Struct InferenceEngine

Source

pub struct InferenceEngine<'a> { /* private fields */ }

Expand description

Top-level inference engine.

Implementations§

Source §

impl<'a> InferenceEngine<'a>

Source

pub fn new( config: Qwen3Config, sampling_params: SamplingParams, seed: u64, ) -> Self

Create a new inference engine from a configuration (no weights — for testing).

Source

pub fn from_model( model: BonsaiModel<'a>, sampling_params: SamplingParams, seed: u64, ) -> Self

Wrap an already-constructed BonsaiModel in an inference engine.

Lets tests (and future custom-model paths) build a model with non-trivial weights and then attach the standard sampler/kernel machinery without going through the GGUF loader.

Source

pub fn from_model_with_kernel( model: BonsaiModel<'a>, kernel: KernelDispatcher, sampling_params: SamplingParams, seed: u64, ) -> Self

Wrap an already-constructed BonsaiModel using a caller-supplied kernel dispatcher.

Use this when you need to pin the engine to a specific kernel tier (e.g. a CPU-only KernelTier::Reference for tests that exercise the CPU KV-cache path on a host that would otherwise auto-detect a GPU).

Source

pub fn from_gguf( gguf: &'a GgufFile<'a>, sampling_params: SamplingParams, seed: u64, max_seq_len: usize, ) -> RuntimeResult<Self>

Create a new inference engine from a loaded GGUF file.

Source

pub fn set_metrics(&mut self, metrics: Arc<InferenceMetrics>)

Attach shared metrics to this engine for recording inference telemetry.

Source

pub fn set_rate_aggregator(&mut self, aggregator: Arc<RequestRateAggregator>)

Attach a workload-level RequestRateAggregator to this engine.

Once attached, every call to InferenceEngine::generate_tracked (or InferenceEngine::generate_with_request_id) will push its per-request RequestRateSnapshot into the aggregator on completion.
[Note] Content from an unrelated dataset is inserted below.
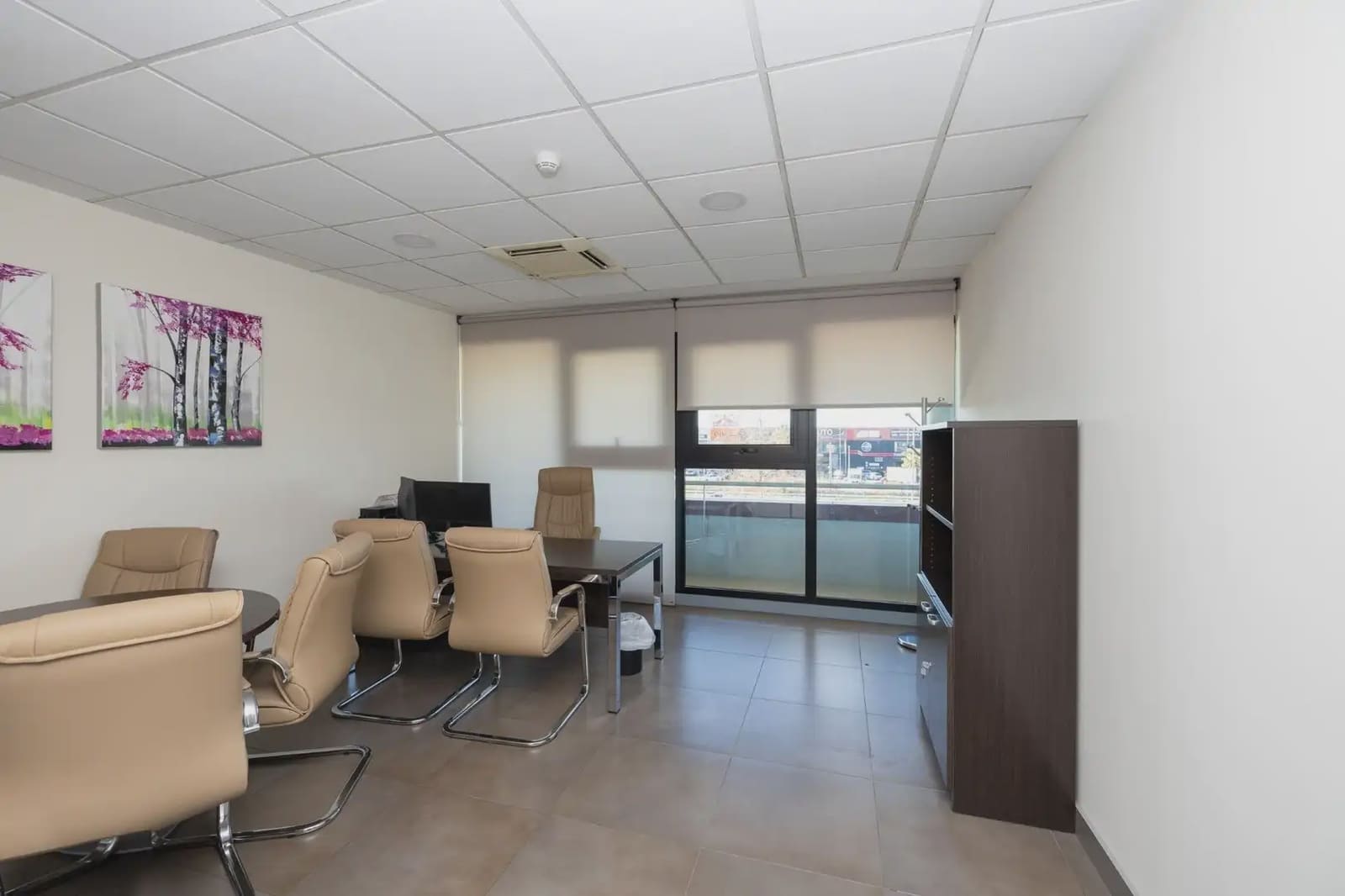 Local Comercial en Peligros en venta - 2.100.000 € (Ref: 9837002)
The aggregator is reference-counted, so the same instance can be shared with the Prometheus metrics layer or the admin endpoints.

Source

pub fn rate_aggregator(&self) -> Option<&Arc<RequestRateAggregator>>

Read-only access to the attached rate aggregator, if any.

Source

pub fn model(&self) -> &BonsaiModel<'a>

Get a reference to the model.

Source

pub fn model_mut(&mut self) -> &mut BonsaiModel<'a>

Get a mutable reference to the model.

Used by the prefix-cache integration to inject restored KV blocks before running the abbreviated prefill.

Source

pub fn kernel(&self) -> &KernelDispatcher

Get a reference to the kernel dispatcher.

Source

pub fn prefill_from_pos( &mut self, prompt_tokens: &[u32], pos_start: usize, ) -> RuntimeResult<Vec<f32>>

Run prefill at a given KV-cache offset.

Unlike InferenceEngine::generate, this does not reset the model’s KV cache before execution: callers (e.g. the prefix-cache engine) are expected to have prepared the cache state explicitly.
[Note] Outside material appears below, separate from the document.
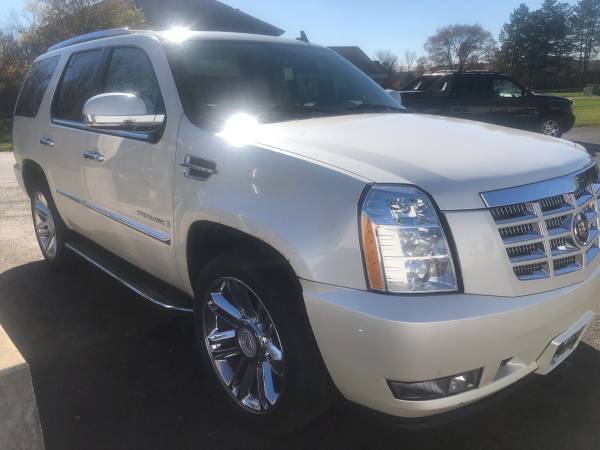 2007 Cadillac Escalade-great deal - cars & trucks - by owner -... for sale in Flushing, MI – photo 3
Increments the prefill_token_count counter by prompt_tokens.len() on success.

Source

pub fn decode_step(&mut self, token: u32, pos: usize) -> RuntimeResult<Vec<f32>>

Forward one token at the given absolute position.

Source

pub fn sample(&mut self, logits: &[f32]) -> RuntimeResult<u32>

Sample one token from logits using the engine’s current sampler.

Source

pub fn prefill_token_count(&self) -> u64

Cumulative number of tokens that have been processed by InferenceEngine::prefill_from_pos over this engine’s lifetime.

Source

pub fn reset(&mut self)

Reset the model state for a new conversation.

Source

pub fn stats(&self) -> &Arc<EngineStats>

Get a shared reference to the engine statistics.

Source

pub fn active_sessions(&self) -> usize

Number of currently active sessions (tracked via stats).

Source

pub fn session_count(&self) -> u64

Total number of completed requests (tracked via stats).

Source

pub fn batch_generate( &mut self, prompts: &[Vec<u32>], max_tokens: usize, ) -> Vec<RuntimeResult<BatchResult>> ⓘ

Process a batch of prompts, delegating to batch_engine::batch_generate.
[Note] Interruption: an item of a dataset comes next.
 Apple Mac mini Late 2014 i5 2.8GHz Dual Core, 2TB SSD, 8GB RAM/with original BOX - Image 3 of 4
Resets the engine state between each prompt. Returns one result per prompt.

Source

pub fn generate( &mut self, prompt_tokens: &[u32], max_tokens: usize, ) -> RuntimeResult<Vec<u32>>

Generate tokens from a prompt.

Runs prefill (process the entire prompt), then decodes token by token until max_tokens or EOS is reached. Returns the generated token IDs (not including the prompt).

Source

pub fn generate_tracked( &mut self, prompt_tokens: &[u32], max_tokens: usize, tracker: &mut RequestRateTracker, ) -> RuntimeResult<Vec<u32>>

Generate tokens from a prompt while populating a RequestRateTracker.

Behaves identically to InferenceEngine::generate but additionally:

records record_admission() immediately on entry,
records record_first_token() for the first sampled token,
records record_token() for every subsequent sampled token,
on success, pushes the resulting RequestRateSnapshot into the engine’s attached RequestRateAggregator (if any).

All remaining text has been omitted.